In 2000, the paraxylene (PX) unit, which also produces benzene, came on line. Benzene is a by-product of paraxylene manufacture. Benzene is a carcinogen and for this reason BP has installed an extensive monitoring system of which OPSIS is an important part.
What is OPSIS?
OPSIS is a detection system, set up in the factory around the paraxylene unit (PX) at BP in Geel. OPSIS continuously monitors for the presence of benzene, toluene and xylenes in the air. In the event of increased emissions an alarm is sent immediately to the control room.
How does OPSIS work?
OPSIS uses a technique based on light absorption. A transmitter sends a light signal to a receiver, situated 500 metres away from this transmitter. The light collected is sent through a fibre-optic cable to an analysis apparatus. The concentration of the substances is calculated from the relationship between the basic signal and the signal after absorption (for the specialists: the Lambert-Beer law).
What scientific principle is OPSIS based on?
The principle is based on the characteristic that individual gases absorb light of different wavelengths.

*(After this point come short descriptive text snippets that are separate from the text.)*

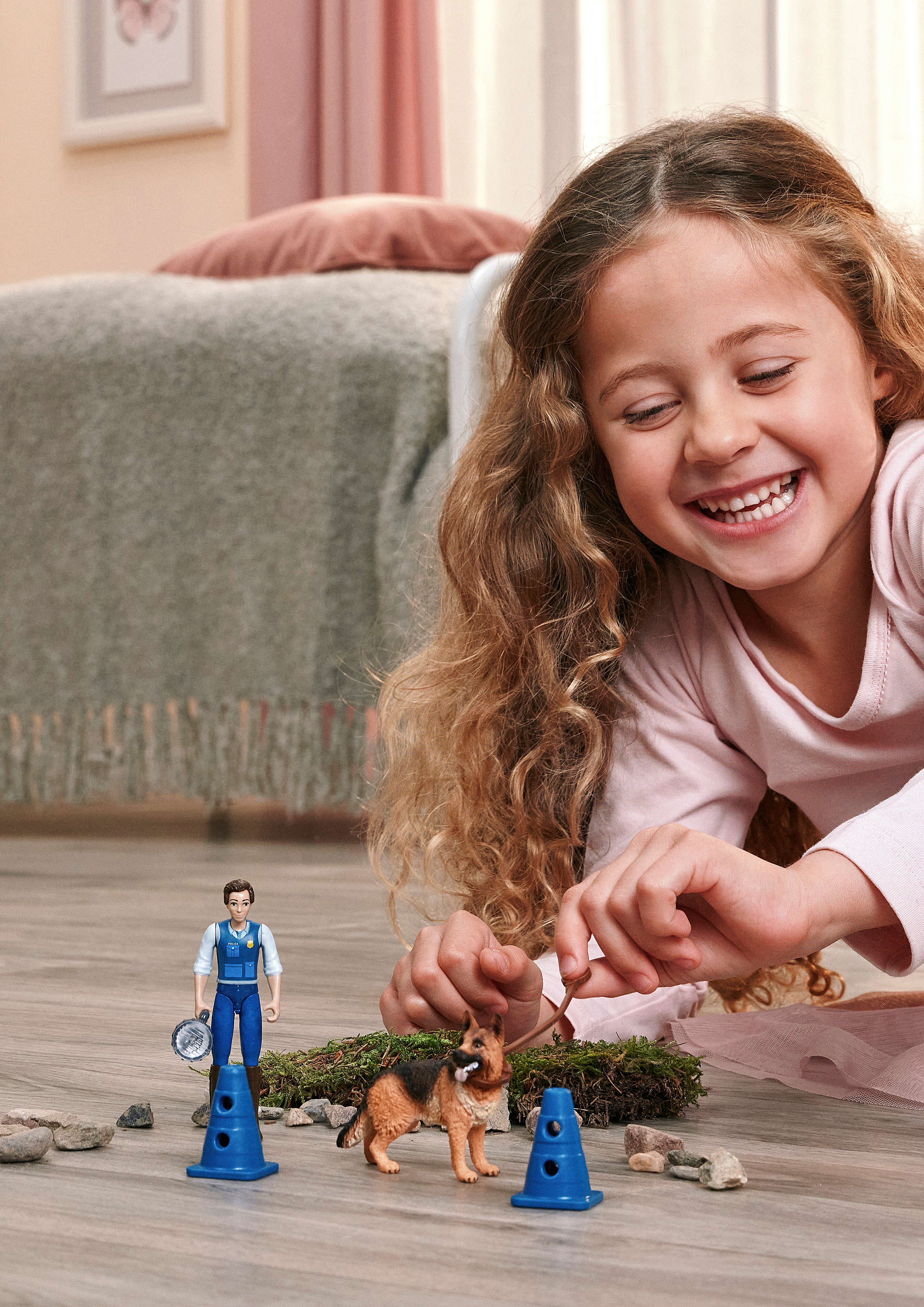 Pocket Set! Polizeieinsatz, Spielfigur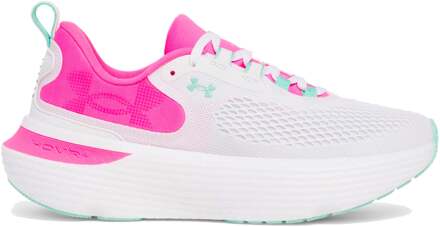 Under Armour Infinite Elite 2 Neutrale Schoen Dames-Wit,Pink - 37.5,38,38.5,39,40,40.5,41,42,42.5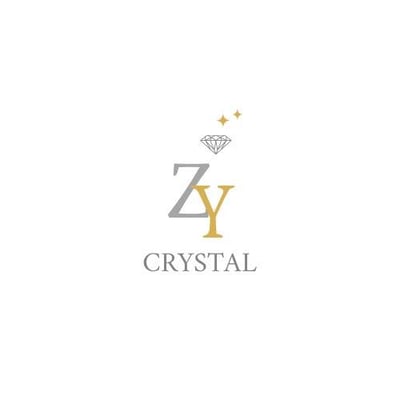 Crystal ZY ༻ logo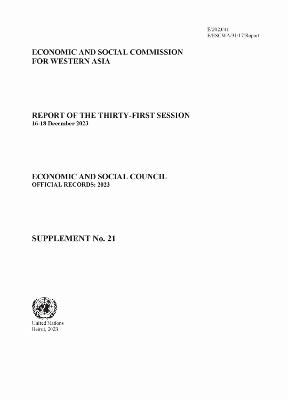 Report of the Economic and Social Commission for Western Asia 2023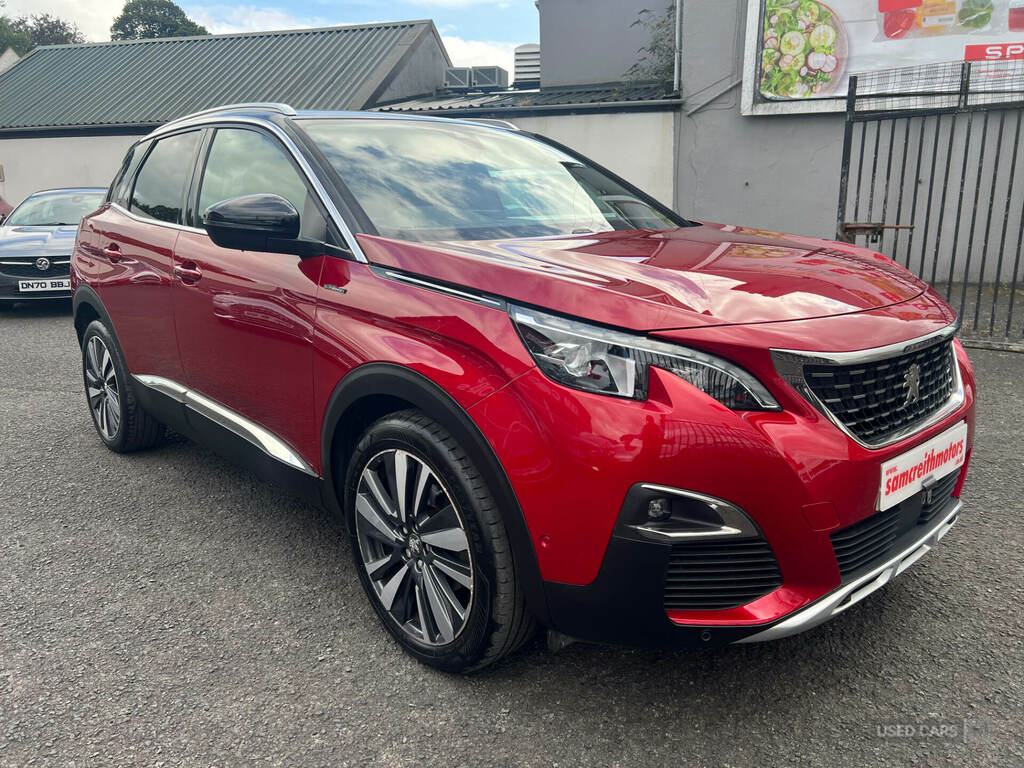 Peugeot 3008 1.5 Bluehdi Gt Line Premium Eat8 Red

As a result, hydrocarbons such as benzene, toluene and xylene each leave a specific pattern if a beam of light is shone through them and the residual light is collected and analysed.
How can you monitor an entire unit with OPSIS?
Three transmitters fire a beam of light along the unit, thus covering it completely. Two beams are received directly by the receivers along the same path. At a distance of 250 m the third light beam is deflected by a mirror at an angle of 90° in the direction of the third receiver. Whatever the wind direction, escaping benzene gases are always detected. A computer continually registers the measurement results, displays then on a monitor and sounds an alarm if a previously set limit is exceeded.
When does OPSIS sound the alarm (Notification limit)?
You can set a specific value at which OPSIS triggers an alarm. In the case of BP in Geel, this is a concentration of 100 micrograms per cubic metre (a microgram is a millionth of a gram). If this concentration is exceeded for 30 minutes, BP notifies the authorities and the Belgian Milieu-inspectie (Environmental Inspectorate). This is why 100 micrograms per cubic metre is referred to as the 'notification limit'.